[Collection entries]
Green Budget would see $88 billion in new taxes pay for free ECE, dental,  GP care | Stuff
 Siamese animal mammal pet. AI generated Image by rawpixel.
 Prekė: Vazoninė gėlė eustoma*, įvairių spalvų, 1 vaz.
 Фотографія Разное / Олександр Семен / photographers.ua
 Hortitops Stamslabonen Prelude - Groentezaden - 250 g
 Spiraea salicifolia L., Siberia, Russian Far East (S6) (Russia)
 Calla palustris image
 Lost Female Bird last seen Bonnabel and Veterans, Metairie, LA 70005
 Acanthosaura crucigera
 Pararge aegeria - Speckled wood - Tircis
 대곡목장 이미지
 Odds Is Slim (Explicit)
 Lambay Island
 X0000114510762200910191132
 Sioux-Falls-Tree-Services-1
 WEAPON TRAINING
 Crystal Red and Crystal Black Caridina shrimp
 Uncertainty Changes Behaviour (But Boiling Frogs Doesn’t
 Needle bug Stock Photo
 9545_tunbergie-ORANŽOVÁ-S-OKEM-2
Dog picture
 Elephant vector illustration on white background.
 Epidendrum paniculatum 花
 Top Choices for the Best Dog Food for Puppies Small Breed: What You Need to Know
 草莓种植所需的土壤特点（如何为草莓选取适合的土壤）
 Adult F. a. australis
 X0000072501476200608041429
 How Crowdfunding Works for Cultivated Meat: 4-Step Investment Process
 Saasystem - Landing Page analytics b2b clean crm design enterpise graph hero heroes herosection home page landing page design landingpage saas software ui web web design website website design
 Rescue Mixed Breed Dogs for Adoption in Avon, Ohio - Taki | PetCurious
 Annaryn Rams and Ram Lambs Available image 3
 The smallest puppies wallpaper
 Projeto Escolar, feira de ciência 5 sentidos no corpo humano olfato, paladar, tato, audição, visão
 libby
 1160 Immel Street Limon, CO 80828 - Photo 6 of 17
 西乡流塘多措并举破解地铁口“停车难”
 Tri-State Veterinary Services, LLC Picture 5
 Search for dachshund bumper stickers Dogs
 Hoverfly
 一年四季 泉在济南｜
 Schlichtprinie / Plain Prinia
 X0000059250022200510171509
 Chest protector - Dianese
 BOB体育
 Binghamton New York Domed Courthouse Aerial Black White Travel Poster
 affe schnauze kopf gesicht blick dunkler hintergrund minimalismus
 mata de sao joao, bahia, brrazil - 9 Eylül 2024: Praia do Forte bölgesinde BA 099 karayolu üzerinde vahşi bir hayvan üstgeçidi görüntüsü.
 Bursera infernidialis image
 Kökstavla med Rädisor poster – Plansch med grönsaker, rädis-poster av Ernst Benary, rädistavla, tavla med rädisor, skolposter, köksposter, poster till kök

### [What to do]
The lines above, starting at the one with "Sioux-Falls-Tree-Services-1" and ending at the one with "The smallest puppies wallpaper", are the only ones to return, exactly as written.

### [Response to this task]
 Sioux-Falls-Tree-Services-1
 WEAPON TRAINING
 Crystal Red and Crystal Black Caridina shrimp
 Uncertainty Changes Behaviour (But Boiling Frogs Doesn’t
 Needle bug Stock Photo
 9545_tunbergie-ORANŽOVÁ-S-OKEM-2
Dog picture
 Elephant vector illustration on white background.
 Epidendrum paniculatum 花
 Top Choices for the Best Dog Food for Puppies Small Breed: What You Need to Know
 草莓种植所需的土壤特点（如何为草莓选取适合的土壤）
 Adult F. a. australis
 X0000072501476200608041429
 How Crowdfunding Works for Cultivated Meat: 4-Step Investment Process
 Saasystem - Landing Page analytics b2b clean crm design enterpise graph hero heroes herosection home page landing page design landingpage saas software ui web web design website website design
 Rescue Mixed Breed Dogs for Adoption in Avon, Ohio - Taki | PetCurious
 Annaryn Rams and Ram Lambs Available image 3
 The smallest puppies wallpaper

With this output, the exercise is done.